Requirement: Can you transcribe every entry word for word, skipping the images?

Extracted material:
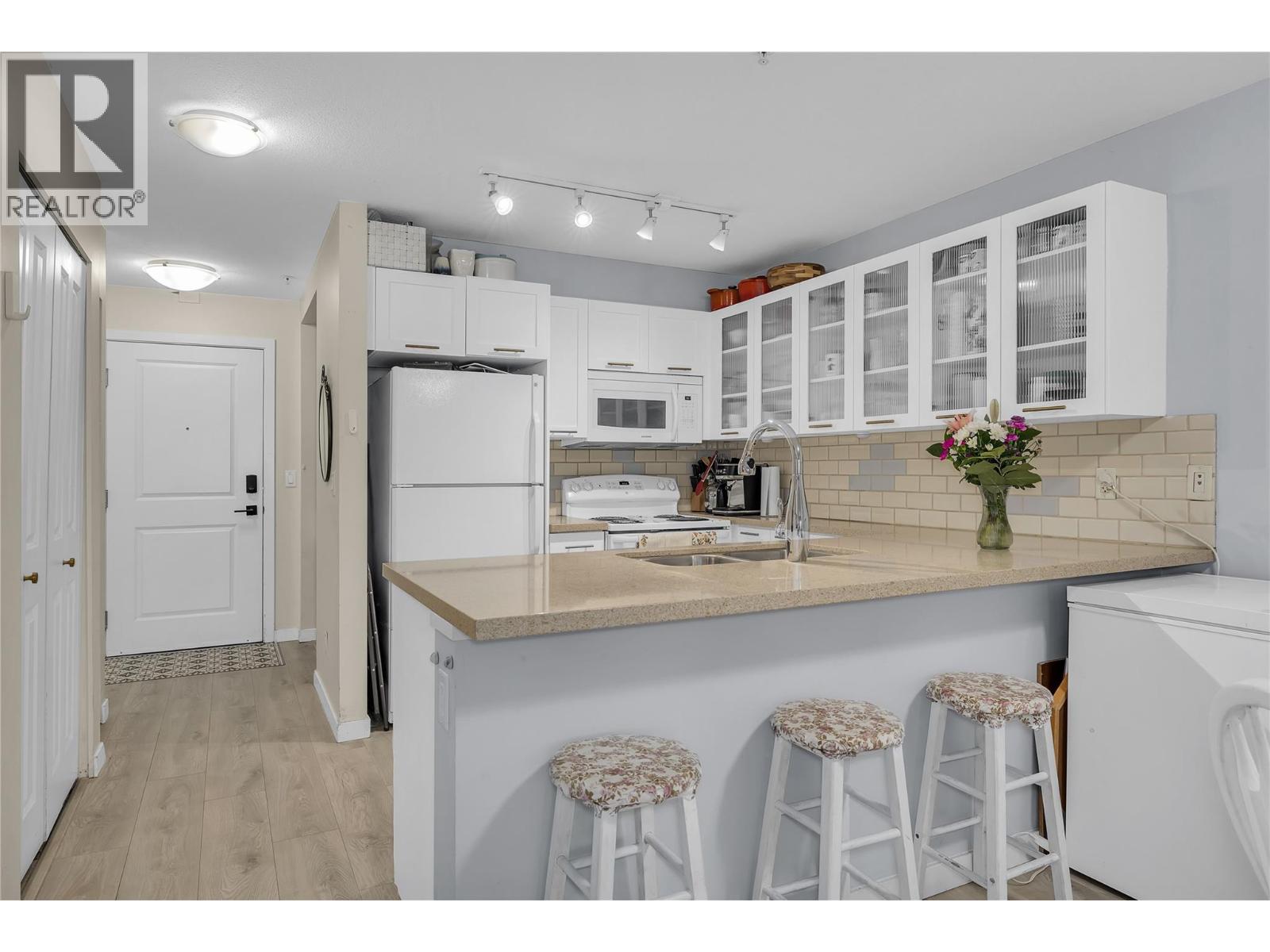 Picture for Unit #111, 539 Yates  Road https://www.cirrealty.ca/reb/bc/6/10365406_20.jpg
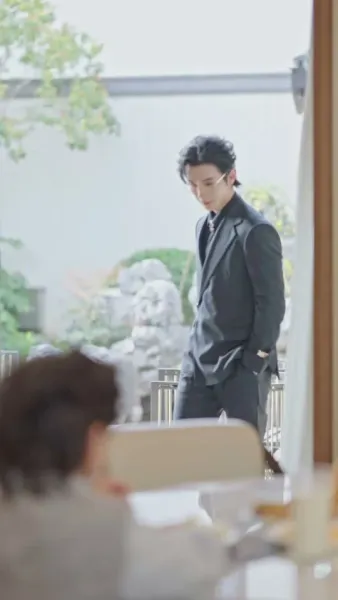 จันทร์เต็มดวงกับหมาป่า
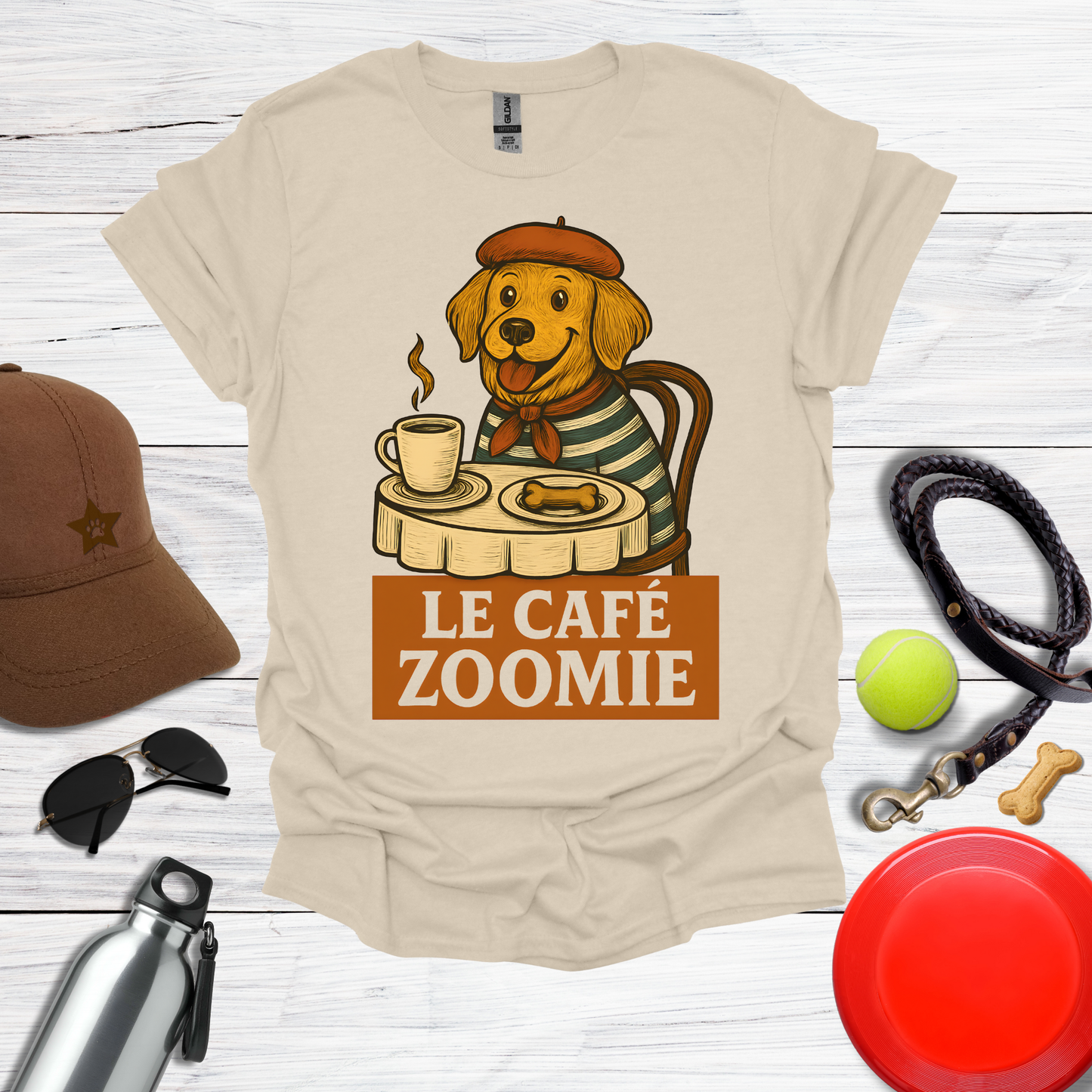 Charming Golden Retriever Café Art T-Shirt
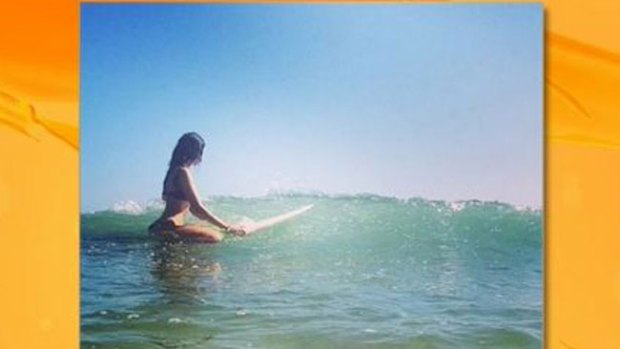 Video: Eiza González calienta las olas surfeando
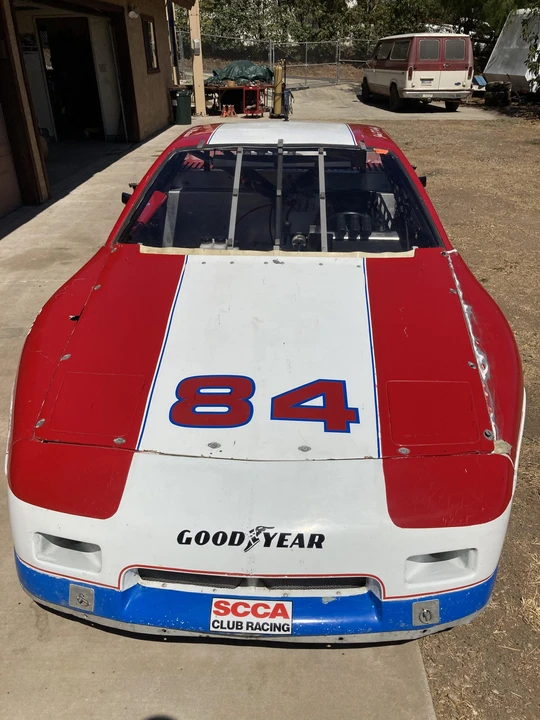 Pontiac Fiero - Image 5 of 31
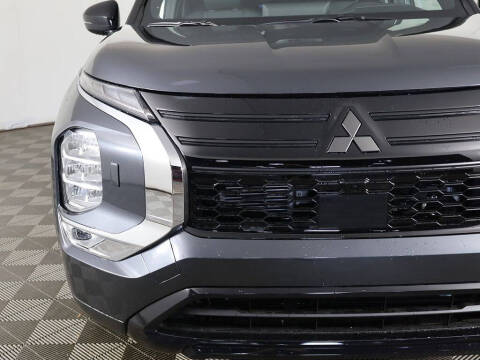 2026 Mitsubishi Outlander LE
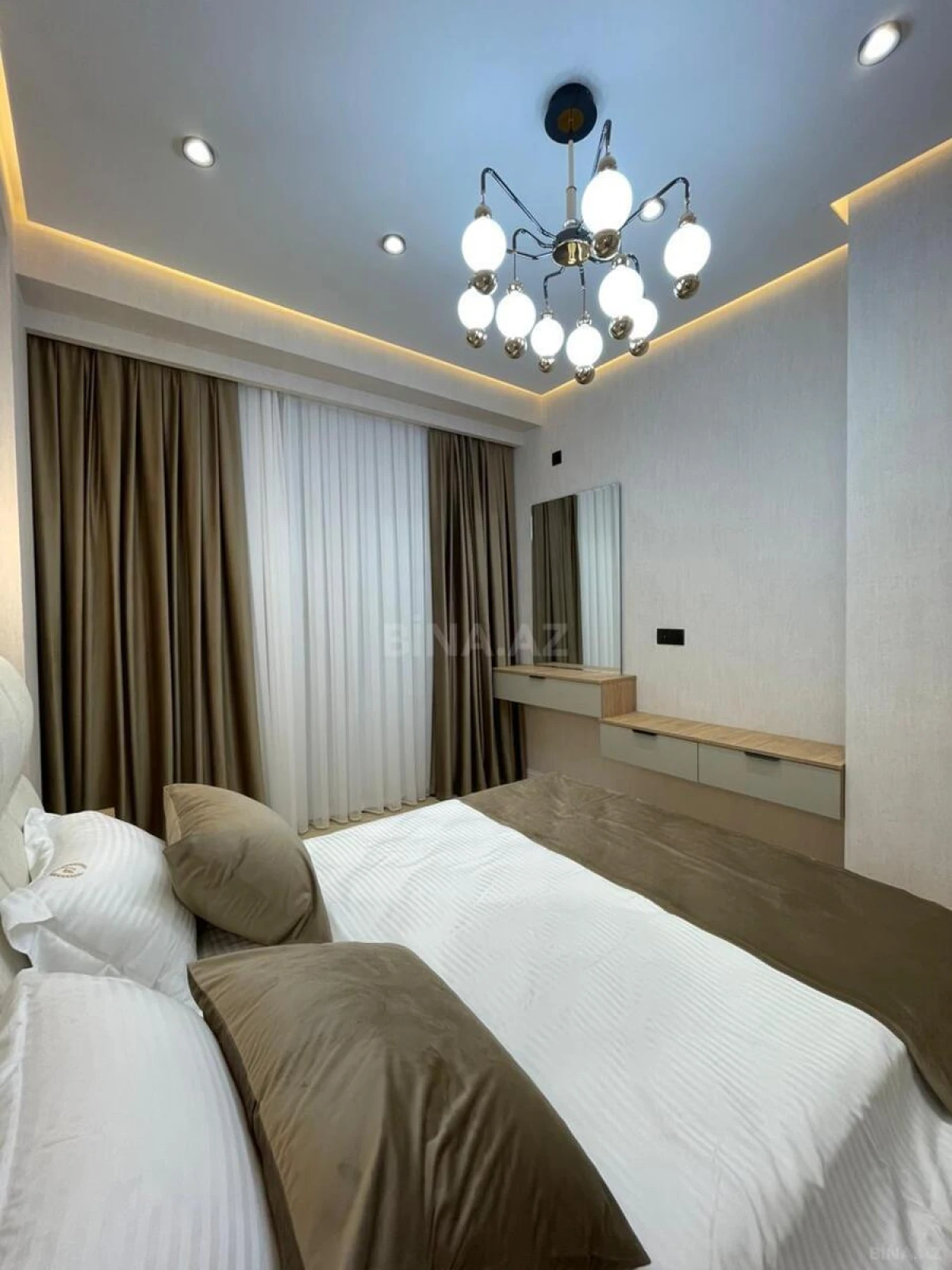 Satılır 2 otaqlı mənzil 55 m²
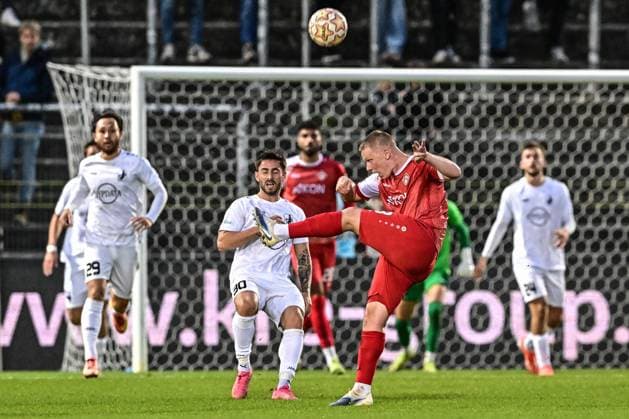 Wuerzburger Kickers gegen TSV Schwaben Augsburg, Wuerzburg, 23.09.2025 Philipp Ochs (Wuerzburger Kickers 13) am Ball , Wuerzburg, 23.09.2025 - 10. Spieltag der Regionalliga Bayern, Wuerzburger Kickers gegen TSV Schwaben Augsburg, Wuerzburg Akon Arena Copyright: xBEAUTIFULxSPORTS Märklx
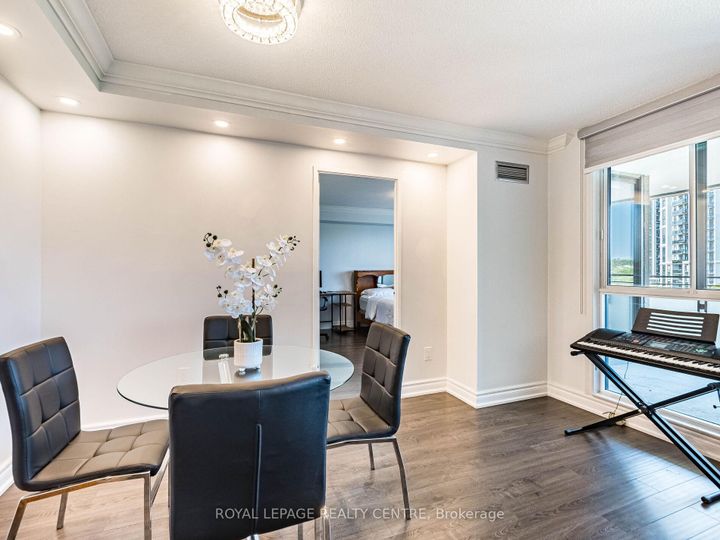 Photo 11 at 709 - 1320 Mississauga Valley Boulevard, Mississauga Valleys, Mississauga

Result of this task:
 Picture for Unit #111, 539 Yates  Road https://www.cirrealty.ca/reb/bc/6/10365406_20.jpg
 จันทร์เต็มดวงกับหมาป่า
 Charming Golden Retriever Café Art T-Shirt
 Video: Eiza González calienta las olas surfeando
 Pontiac Fiero - Image 5 of 31
 2026 Mitsubishi Outlander LE
 Satılır 2 otaqlı mənzil 55 m²
 Wuerzburger Kickers gegen TSV Schwaben Augsburg, Wuerzburg, 23.09.2025 Philipp Ochs (Wuerzburger Kickers 13) am Ball , Wuerzburg, 23.09.2025 - 10. Spieltag der Regionalliga Bayern, Wuerzburger Kickers gegen TSV Schwaben Augsburg, Wuerzburg Akon Arena Copyright: xBEAUTIFULxSPORTS Märklx
 Photo 11 at 709 - 1320 Mississauga Valley Boulevard, Mississauga Valleys, Mississauga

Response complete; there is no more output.